# Why Fromm/Acana?



## Augustine (Nov 22, 2014)

So, I just want to start off by saying that I'm not bashing any of these foods. I have a tendency to come across as much harsher than I intend so I apologize if I sound rude or snooty when asking this. I really don't mean it that way at all - I'm just genuinely curious as to why these foods come so highly recommended.

Anyways, I was looking into some good foods for my pup, since she's on a rotation diet due to her finickiness and I've had to pick out 4 different foods for her.

I looked into each and every one, read the ingredients, etc. and frankly, am very confused as to why some of these come so highly recommended. 

*Fromm: *
Just looking at a few of their different foods, I can see a number of bad and/or questionable ingredients, such as "dried tomato pomace", "cheese", and "alfafa meal". I realize that cheese isn't always a bad thing since not all dogs have problems with dairy, but I'm still wary about feeding it to her, since my dog has sensitive bowels. The rest, however, are supposedly bad, aren't they?


*Acana:*
I actually feed my pup one of Acana's foods, which she does great on, but my issue with them is the fact that they use so much plant-based protein. (40-50%, with the other 50-60% being meat) And it was always my understanding that meat-based proteins are much better and should be the base of their food. 


I eventually plan to get her on at least one Orijen food, but I've had so many people recommend Fromm to me, and I honestly don't understand why. I've found much better and much cheaper foods with virtually no bad ingredients.


----------



## Zrowland50 (Jun 23, 2015)

Try this site, it rates all the dog foods on a 1-5 star scale and it highlights all the questionable ingredients.A field lab breeder out of Mississippi showed it to me and it really helped me out. Dog Food Reviews and Ratings | Dog Food Advisor


----------



## llombardo (Dec 11, 2011)

I used Fromm in the past for my adult dogs until two got sick on it. Then I put my pup on the puppy food. Right now I'm in a world of poop, mushy poop. I'm trying to up his food intake and that isn't working on Fromm. I will say I can't get him to stop eating the mulberries and that could be part of the problem I've tried him on Farmina and I think it's to high of a protein for him, so back to the drawing board for him. 
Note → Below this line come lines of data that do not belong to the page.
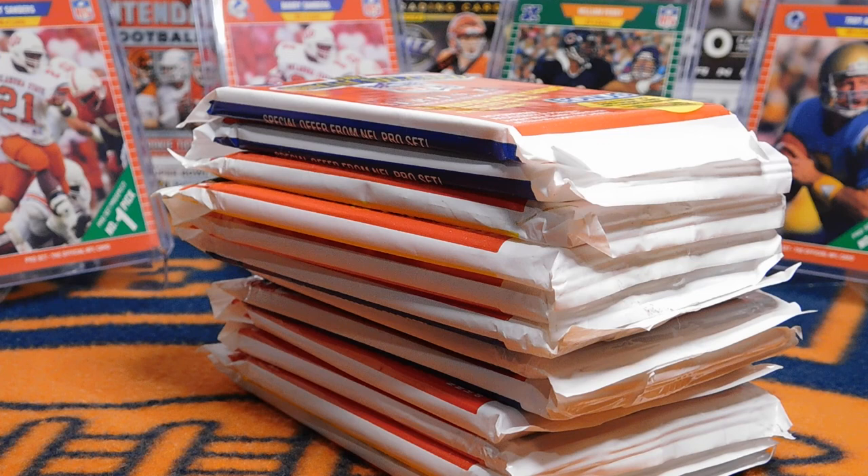Hey everybody, this is Brian with BearCards34. Welcome back to another Throwback Thursday.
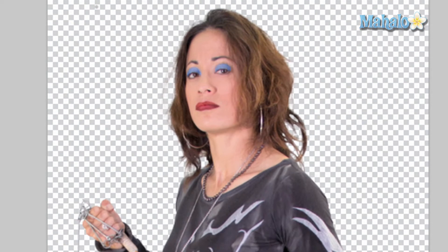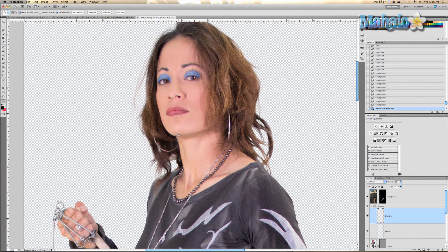Now let's take a look back — it's a little bit too much, so we're going to take the layer and drop the opacity to 50%, and that looks much better. So that's what it looks like after and before — not bad. We're done with that, and in the next tutorial I'm going to show you how you can give her softer or smoother skin.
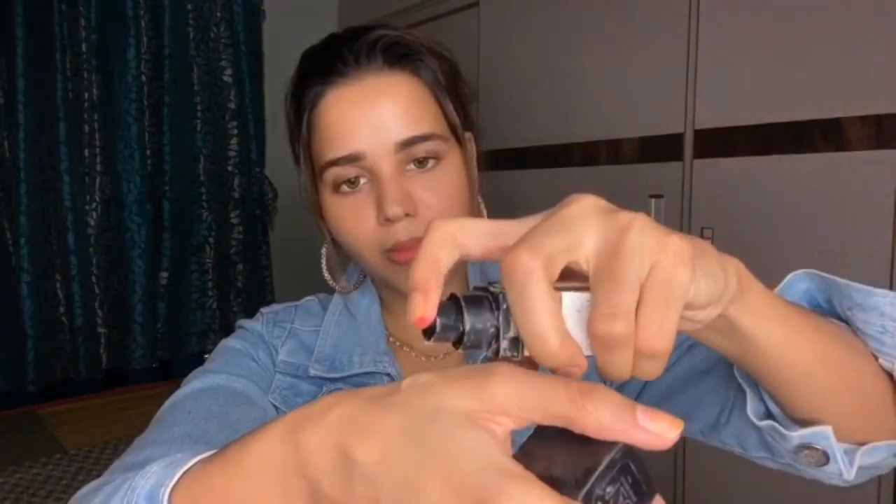This is my favorite foundation — I've talked about it before. This is Maybelline Fit Me in the color 128 Warm Mute, which is exactly my shade. I'm going to mix this with a gel-based moisturizer by Clinique. So let's take a bit of both — about one pump of each.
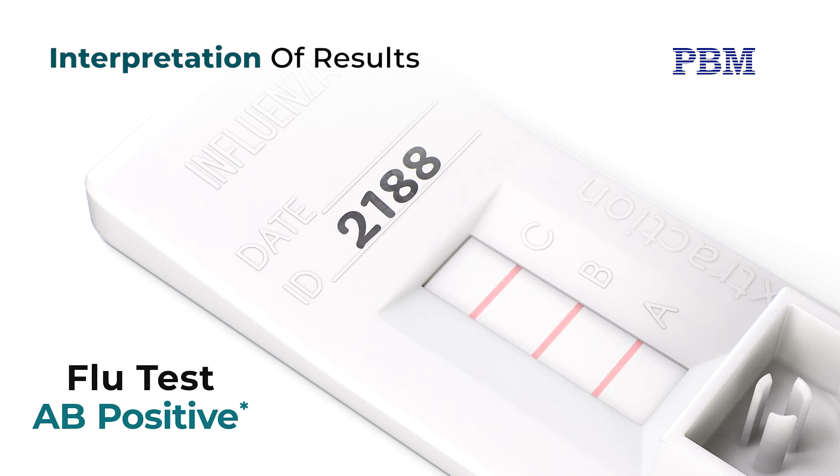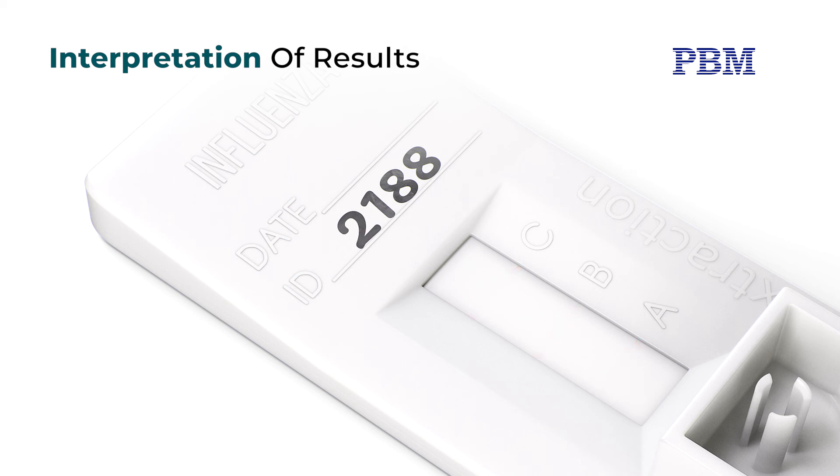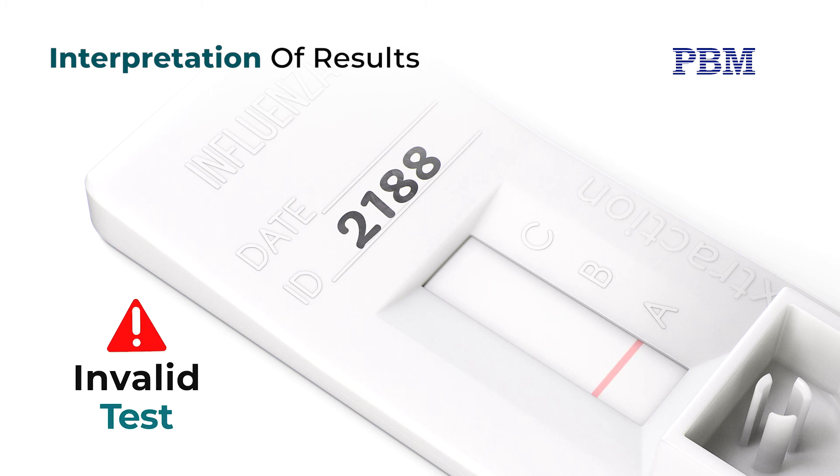Co-infection with influenza A and B is rare and should be retested. Repeatable dual positive results should be confirmed by PCR before reporting results. A reddish purple line should always appear at the control line. If the control line does not form after 15 minutes, the test is considered invalid and should be repeated using a new BioSign Influenza A and B test device and specimen.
I think the big attraction with Fromm is the company itself. It's a safe good with no recalls as of yet. That alone gives people peace of mind.


----------



## LaRen616 (Mar 4, 2010)

All of my animals eat Fromm.

My GSD gets all of the flavors of the Fromm Grain-Free, my Dalmatian gets the Fromm Chicken a La Veg and my cats are fed all of the flavors of the Fromm Grain-Free for cats. Everyone is doing great on Fromm. 
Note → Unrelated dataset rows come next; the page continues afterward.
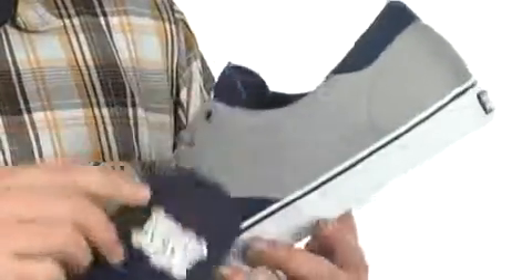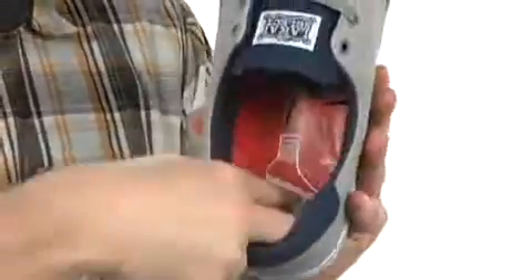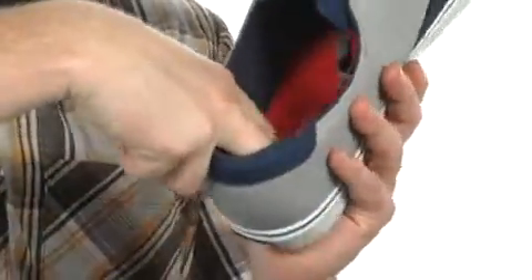You've got a removable footbed here that's going to absorb a ton of shock, and you've even got extra cushioning down below to make sure you're safe from those nasty heel bruises. Vulcanized construction is going to create a very flexible shoe, give you great board control and board feel, and you've got the sticky rubber outsole.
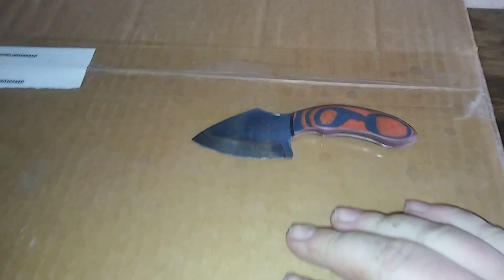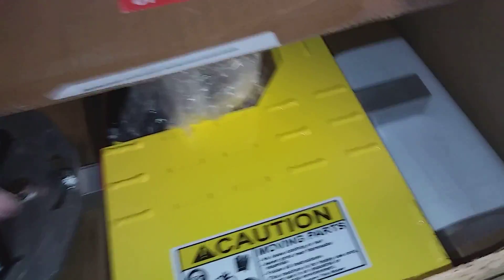We're using our trusted knife that I made, so we'll just drag it along here. Oops, it says this side up. She's stuck pretty good. Alright, what do we have here?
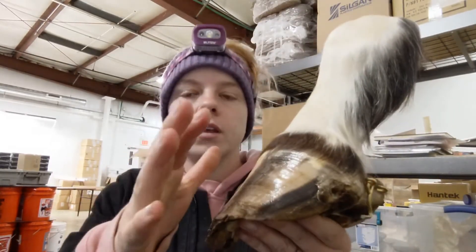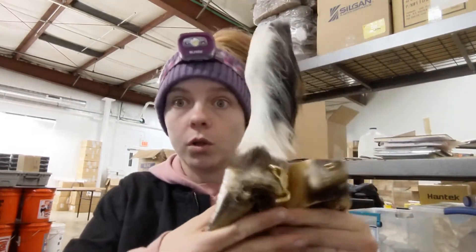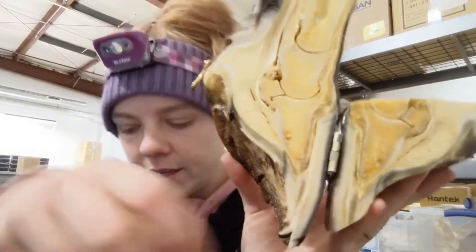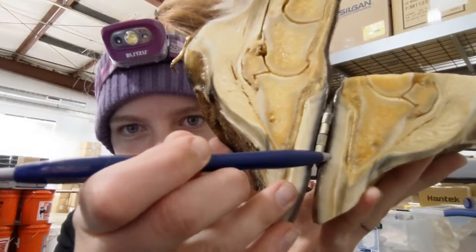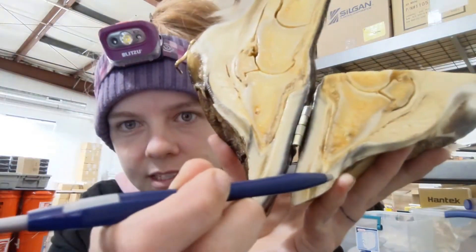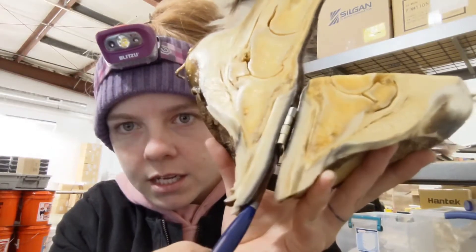What holds the hoof wall onto the hoof so that it doesn't fall off is the lamina. The hoof wall starts here and goes all the way to there. Then you have the lamina, and then you have the coffin bone. And this is the sole here — so: sole, lamina, hoof wall.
I am very happy with Fromm, it is a family owned company, they use local ingredients, they have had no recalls and after you buy your 12th bag you get your 13th bag free.


----------



## Shade (Feb 20, 2012)

I believe it's more the reputation of the company for Fromm, over 100 years old, fifth generation family owned, all ingredients are sourced from the US, made in the US in their own facilities, and never has had a single recall. I've emailed them multiple times and gotten back quick and professional but personal responses. My dogs loved the food, Delgado ate the LBP while he was young and then I transitioned him to match my poodle who was rotating through the grain free four star line. The only flavor they ever seemed to not do as well on was the pork and peas so I simply eliminated it from the rotation 

In the end, go with the food that's easiest on your budget and your dog does the best on. I tried a few different kibbles and Fromm was by far the best for my dogs


----------



## amburger16 (May 22, 2015)

I use Fromm Prairie Gold LBP, the amount of questionable ingredients in it compared to some other brands is nothing. There are some questionable things in my diet too and I'm doing just fine. Bear is doing good on it. It is on the low side of the max levels for large breed puppies. I will continue to use as long as Bear is doing well on it and likes it.


----------



## LaRen616 (Mar 4, 2010)

*Fromm is rated at 4.5 stars out of 5 stars on Dog Food Advisor.*

Fromm Four Star Nutritionals Grain-Free Dog Food | Review and Rating

*The following review is based off of Fromm's Four-Star Grain-Free Game Bird flavor*

"The seventh ingredient is *tomato pomace*. Tomato pomace is a controversial ingredient, a by-product remaining after processing tomatoes into juice, soup and ketchup.
Many praise tomato pomace for its high fiber and nutrient content, while others scorn it as an inexpensive pet food filler. Just the same, there’s probably not enough tomato pomace here to make much of a difference."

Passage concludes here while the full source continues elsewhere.